Abhi's Turns 25

Rebecca Varidel
18th Jul 2015

It was twenty five years ago that Chef Kumar Mahadevan opened his Indian restaurant.

"When I had my first son, Abhi, I soon after opened my first restaurant in North Strathfield which I named after him. Six years later, when I had my second son, Aki, my wife Suba was very vocal in her desire to have another restaurant named after Aki to avoid any perceived favouritism between our sons. Luckily I had my eye on a Woolloomooloo site and Aki’s opened in 1994. Needless to say, I am not in a hurry to have any more sons!’

My restaurant Abhi’s in North Strathfield showcases my brand of contemporary Southern Indian cuisine, but in a casual, family friendly environment, with affordable prices. I opened Aki’s in Woolloomooloo to provide Sydney with a truly fine Indian culinary experience. From the immaculate table service, award winning local and international wine list, to the modern interpretations of traditional Indian recipes, Aki’s reflects the finer aspects of Indian cuisine."

This week, I was over the moon, totally stoked to be invited to sit in on the Abhi's special anniversary celebrations. The charming Chef Kumar Mahadevan started us off with the very first dish from the very first day at that first restaurant Abhi's, Mulligatawny Soup which is made with spiced lentils. It was just as rounded and tasty as I remembered. To this he added a play on the traditional 'Bhel-Puri' as a Scallop and Kingfish Bhel, with puffed rice, wheat crisps, and chilli onion vadagam (rice crackers).

There were three of his showcase dishes combined on one plate as our next course, and although each are delicious unto themselves, they worked beautifully in this family of Gucchi Paneer Khichidi (morrels, cottage cheese and mung bean ‘khichidi’ with pomegranate pearls and lotus chips), Chicken Palli Palayam (crispy chicken with pounded green chilli, ginger and black pepper crust), and Beetroot Porrial (diced beetroot tossed with mustard seeds, fennel, shallots and fresh coconut).

And with the next new creation, came a marriage of old and new. The sensuous spicy sauce is a recipe from his maternal great grandmother. The addition by Chef Kumar Mahadevan of the fish is new. It worked. And it worked very well. The orange grabbed our attention from front to back. The tamarind caressed us. Salmon Kothmiri Tikki (salmon roulade cooked souvede with green chutney, accompanied
with spicy tamarind and chickpea ‘kozambhu’) was the hit of the night.

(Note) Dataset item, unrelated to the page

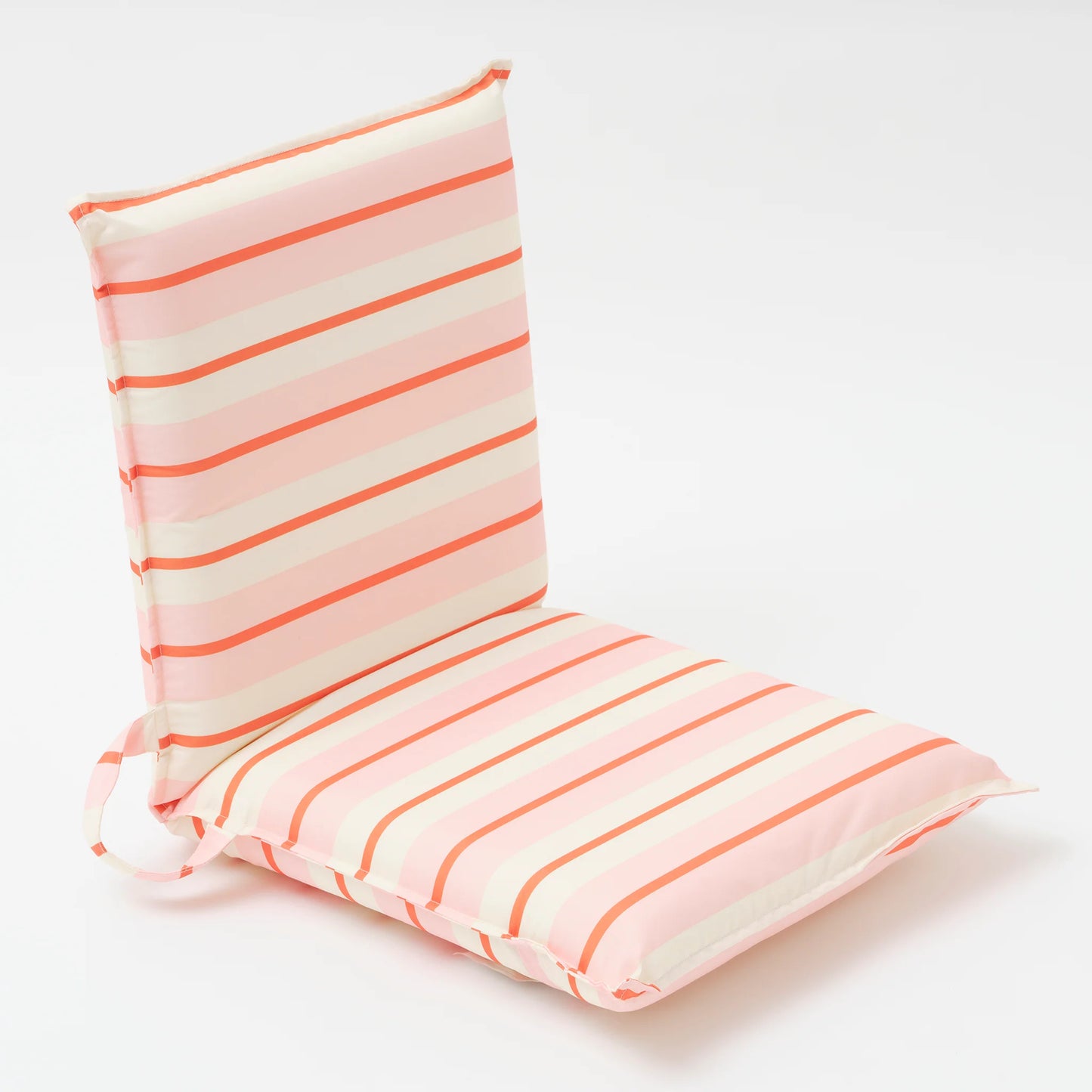 FOLDING BEACH SEAT SUMMER STRIPE | STRAWBERRY SORBET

Yet there was more to come. Mains arrived to the centre of the table for sharing, the first of which were traditional Tandoori Jumbo Prawns, plump and moist and marinated with yoghurt, garam masala, mace threads and saffron. Then followed, Chooza Masala (spatchcock rubbed with a Goan spice mix and oven cooked with chat potatoes, malt vinegar and pearl onions), Lamb Kari Kozhambhu (home-style dish of ground coconut, cassia, fennel, turmeric and poppy seeds), and Keerai Pappu (spinach and yellow lentil with browned garlic, cumin and dried whole chillies) with accompaniments, Ghee Rice and Veech Parantha. The final course, and plated individually, was a luscious dessert compilation of compressed raspberries, goats milk sorbet, vanilla custard, yoghurt shards and saffron honeycomb.

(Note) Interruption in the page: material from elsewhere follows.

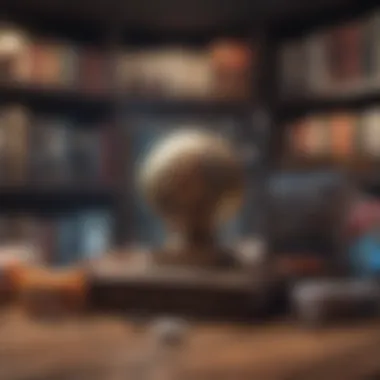 Virtual Game Library Illustration depicting a virtual library of free game titles on app stores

It's been a long association. Five years ago we were able to grab this recipe >> Madras Prawn Vendakai << with its wonderful heady mix of mustard, fenugreek and cumin seeds, tumeric, coriander and chilli powders, which Kumar cooked as a guest on the first series of MasterChef Australia. Before and since, we have enjoyed many wonderful meals at both Abhi's and Akhi's. To share in such a special night was a great honour and privilege.